The IDC has emphasised that the refinery will play a crucial role in improving national energy security, mitigating foreign exchange outflows associated with fuel imports, and fostering job creation in the Copperbelt Province. The project’s financing and execution plan were not disclosed in detail, although it is understood that the partnership follows a build-own-operate model with phased localisation of operations.
Ndola, historically the site of Zambia’s sole petroleum refinery—the Tazama facility—has long been a focal point for national fuel infrastructure. The forthcoming energy complex is therefore seen as both a modernisation and expansion of Zambia’s refining capacity, aimed at meeting contemporary energy standards and regional demand profiles.
While energy sector analysts acknowledge the potential of the project to enhance domestic refining capabilities, they also caution that realising these benefits will depend on adherence to construction timelines, transparency in procurement processes, and sustainable crude supply agreements. The broader geopolitical context of Chinese investment in African infrastructure also invites continued scrutiny, particularly in relation to governance, local employment, and environmental compliance.
Nonetheless, the government’s announcement aligns with Zambia’s broader economic diversification agenda and reflects regional aspirations to move from raw resource dependency to value-added industrialisation. By developing a domestic refining hub, Zambia joins a number of African countries exploring similar strategies in pursuit of energy autonomy and economic resilience.

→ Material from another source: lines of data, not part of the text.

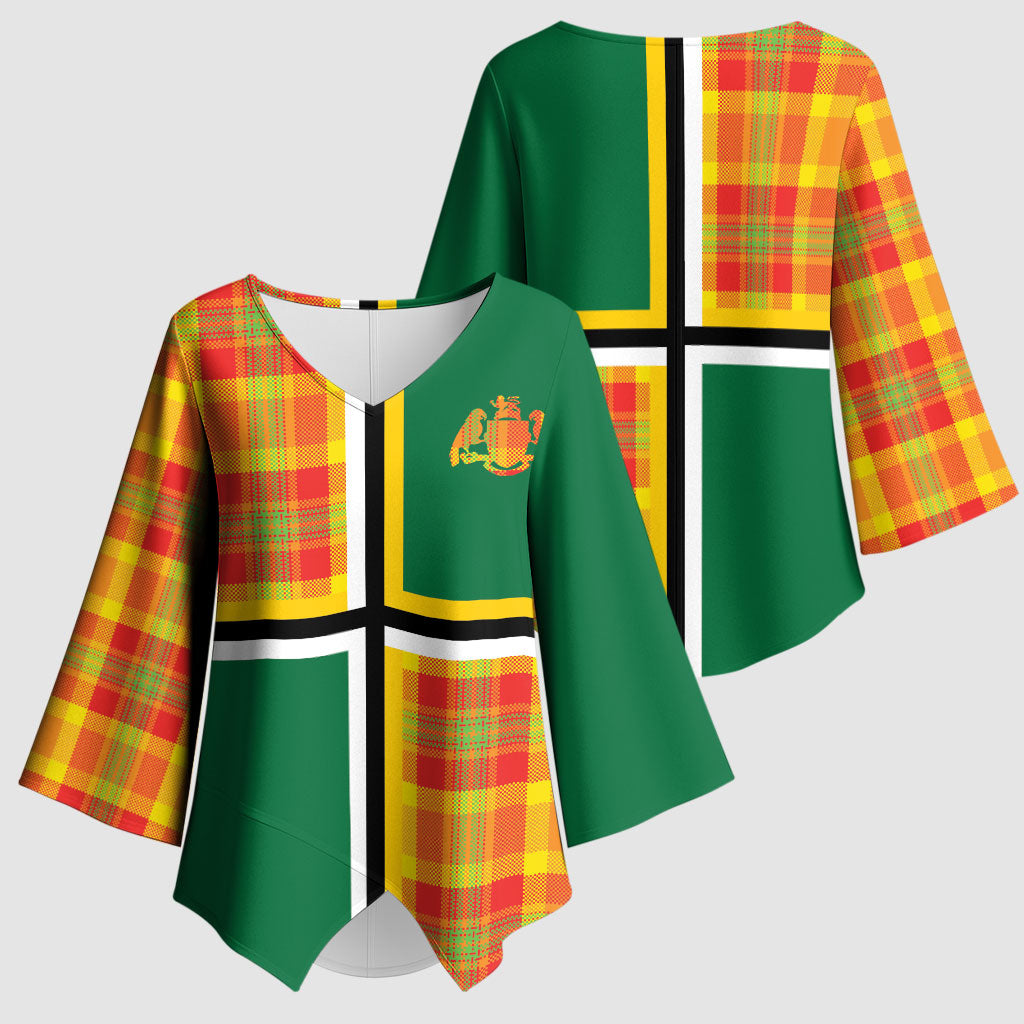 Dominica Creole Day Kimono Sleeve Blouse Coat Of Arms Madras Plaid Pattern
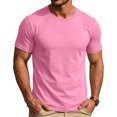 thumbnail image 5 of Mens Shirts Crewneck Short Sleeve Slim Fit T Shirts For Men Stretch Breathable Top Cozy Fitness Clothing Pink 3XL, 5 of 7
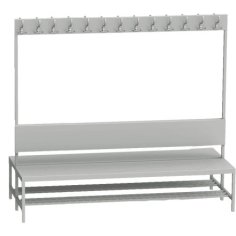 Divpusējs ģērbtuves sols ar pakaramiem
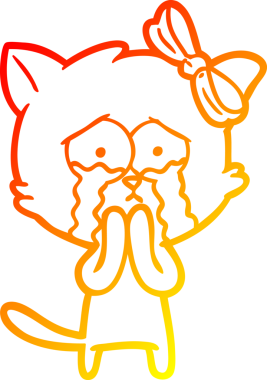 Bir insan tarafından çizilmiş çizgi film kedisinin sıcak çizgi çizimi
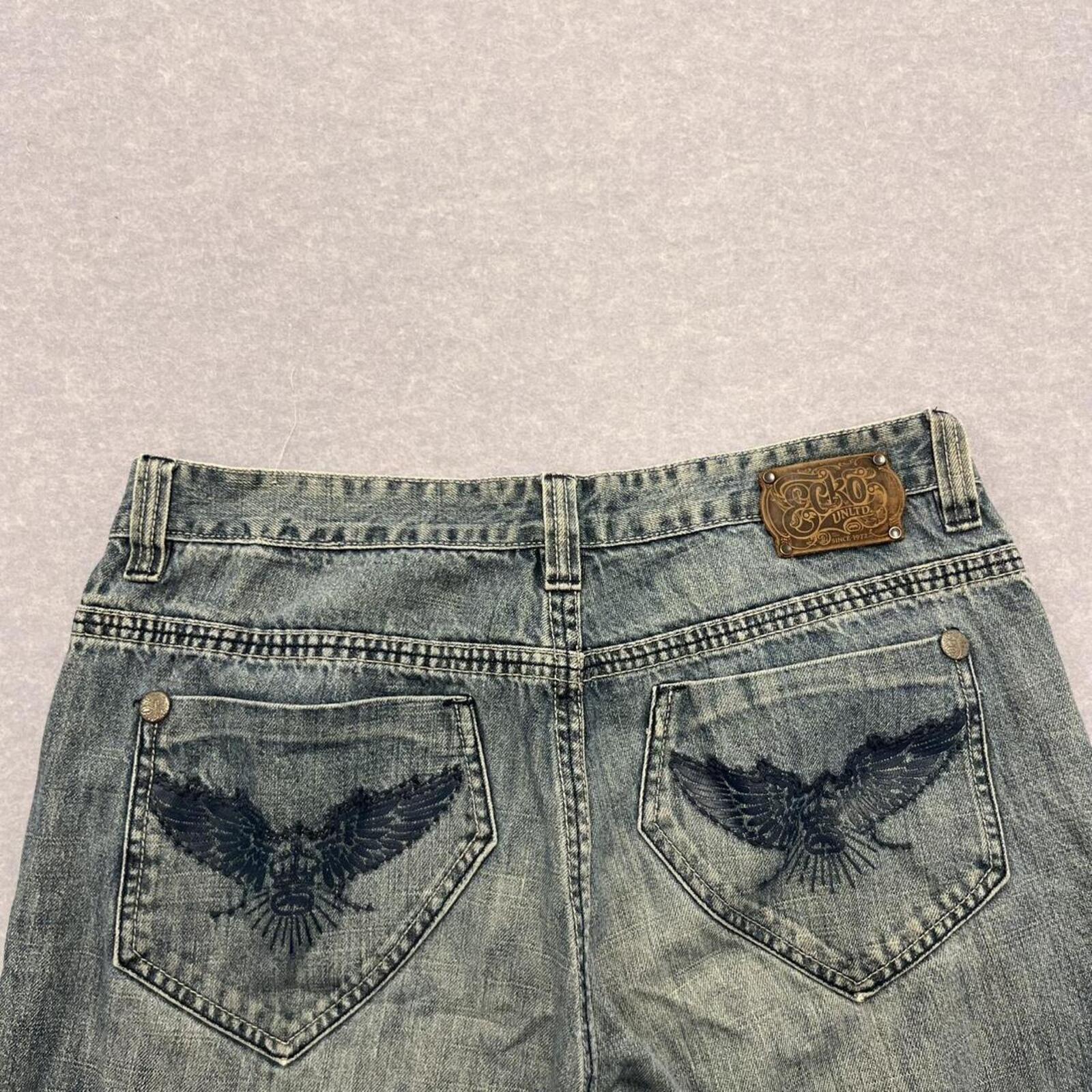 Vintage Ecko Unltd Baggy Jeans Light Wash Eagle Embroidery Y2K Men's W36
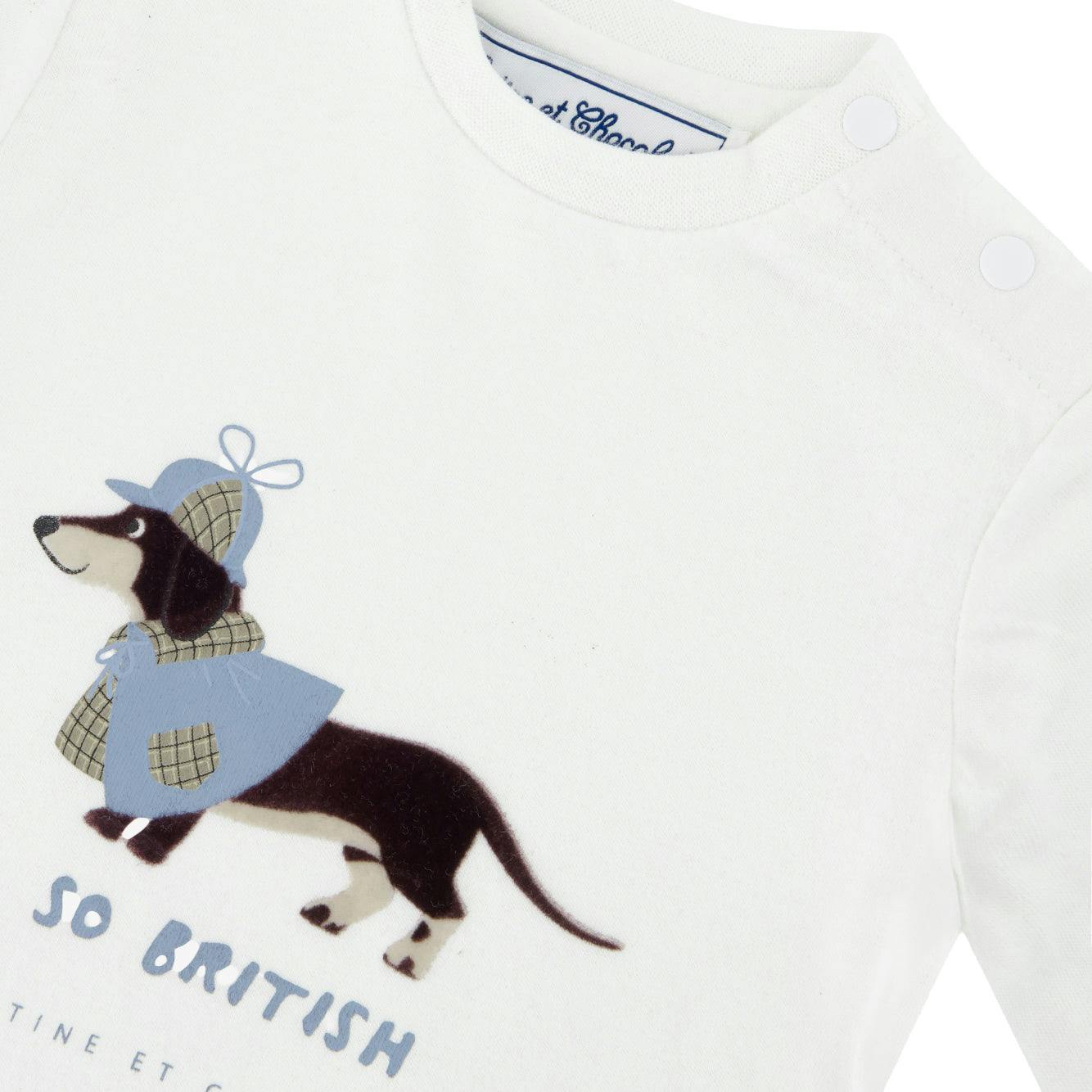TARTINE ET CHOCOLAT British Pup Baby T-shirt - Nacre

The complex is anticipated to significantly reduce Zambia’s import bill for refined fuels, which has historically exerted pressure on its foreign reserves. Upon completion, the facility may further contribute to regional energy integration under the Southern African Development Community (SADC) framework.
While full operational capacity remains a few years away, the establishment of the Ndola energy complex represents a notable shift in Zambia’s energy infrastructure landscape and adds momentum to long-term efforts toward industrial self-sufficiency and regional energy trade.